■ Goal of the exercise ■
Please restate, exactly as written, the lines running from the beginning of the material through the line that has "Champagne Henriot Brut Souverain 0,75 lt." in it.

────

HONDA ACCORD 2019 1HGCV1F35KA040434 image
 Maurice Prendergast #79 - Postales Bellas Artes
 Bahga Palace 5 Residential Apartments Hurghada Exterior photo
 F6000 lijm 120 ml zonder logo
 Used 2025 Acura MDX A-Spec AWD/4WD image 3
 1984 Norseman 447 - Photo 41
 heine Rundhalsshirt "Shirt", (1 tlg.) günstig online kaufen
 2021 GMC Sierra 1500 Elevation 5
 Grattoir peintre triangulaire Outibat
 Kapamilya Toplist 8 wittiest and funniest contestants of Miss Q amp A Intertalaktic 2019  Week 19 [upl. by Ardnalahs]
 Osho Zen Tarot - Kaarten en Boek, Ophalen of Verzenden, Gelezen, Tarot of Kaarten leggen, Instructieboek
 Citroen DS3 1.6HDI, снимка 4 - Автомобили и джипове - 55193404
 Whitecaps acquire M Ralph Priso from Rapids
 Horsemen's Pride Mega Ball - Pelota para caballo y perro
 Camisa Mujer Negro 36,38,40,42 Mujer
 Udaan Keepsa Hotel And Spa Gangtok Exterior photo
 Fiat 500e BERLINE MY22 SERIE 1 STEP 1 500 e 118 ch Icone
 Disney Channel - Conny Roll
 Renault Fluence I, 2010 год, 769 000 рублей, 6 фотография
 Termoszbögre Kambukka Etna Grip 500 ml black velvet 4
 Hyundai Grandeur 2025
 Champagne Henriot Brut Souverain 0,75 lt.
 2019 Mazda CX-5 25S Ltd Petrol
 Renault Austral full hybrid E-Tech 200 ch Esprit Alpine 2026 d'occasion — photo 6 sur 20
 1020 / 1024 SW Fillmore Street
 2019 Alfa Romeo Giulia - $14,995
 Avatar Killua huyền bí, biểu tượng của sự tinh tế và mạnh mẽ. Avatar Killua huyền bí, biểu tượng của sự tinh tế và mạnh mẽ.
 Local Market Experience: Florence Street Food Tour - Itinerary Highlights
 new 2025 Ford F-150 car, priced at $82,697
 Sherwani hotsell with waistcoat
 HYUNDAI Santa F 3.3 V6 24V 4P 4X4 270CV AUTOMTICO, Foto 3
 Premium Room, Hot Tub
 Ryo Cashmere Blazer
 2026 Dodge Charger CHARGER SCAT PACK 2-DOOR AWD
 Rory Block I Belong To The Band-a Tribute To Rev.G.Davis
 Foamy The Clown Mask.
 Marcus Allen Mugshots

────

■ Answer to this exercise ■
HONDA ACCORD 2019 1HGCV1F35KA040434 image
 Maurice Prendergast #79 - Postales Bellas Artes
 Bahga Palace 5 Residential Apartments Hurghada Exterior photo
 F6000 lijm 120 ml zonder logo
 Used 2025 Acura MDX A-Spec AWD/4WD image 3
 1984 Norseman 447 - Photo 41
 heine Rundhalsshirt "Shirt", (1 tlg.) günstig online kaufen
 2021 GMC Sierra 1500 Elevation 5
 Grattoir peintre triangulaire Outibat
 Kapamilya Toplist 8 wittiest and funniest contestants of Miss Q amp A Intertalaktic 2019  Week 19 [upl. by Ardnalahs]
 Osho Zen Tarot - Kaarten en Boek, Ophalen of Verzenden, Gelezen, Tarot of Kaarten leggen, Instructieboek
 Citroen DS3 1.6HDI, снимка 4 - Автомобили и джипове - 55193404
 Whitecaps acquire M Ralph Priso from Rapids
 Horsemen's Pride Mega Ball - Pelota para caballo y perro
 Camisa Mujer Negro 36,38,40,42 Mujer
 Udaan Keepsa Hotel And Spa Gangtok Exterior photo
 Fiat 500e BERLINE MY22 SERIE 1 STEP 1 500 e 118 ch Icone
 Disney Channel - Conny Roll
 Renault Fluence I, 2010 год, 769 000 рублей, 6 фотография
 Termoszbögre Kambukka Etna Grip 500 ml black velvet 4
 Hyundai Grandeur 2025
 Champagne Henriot Brut Souverain 0,75 lt.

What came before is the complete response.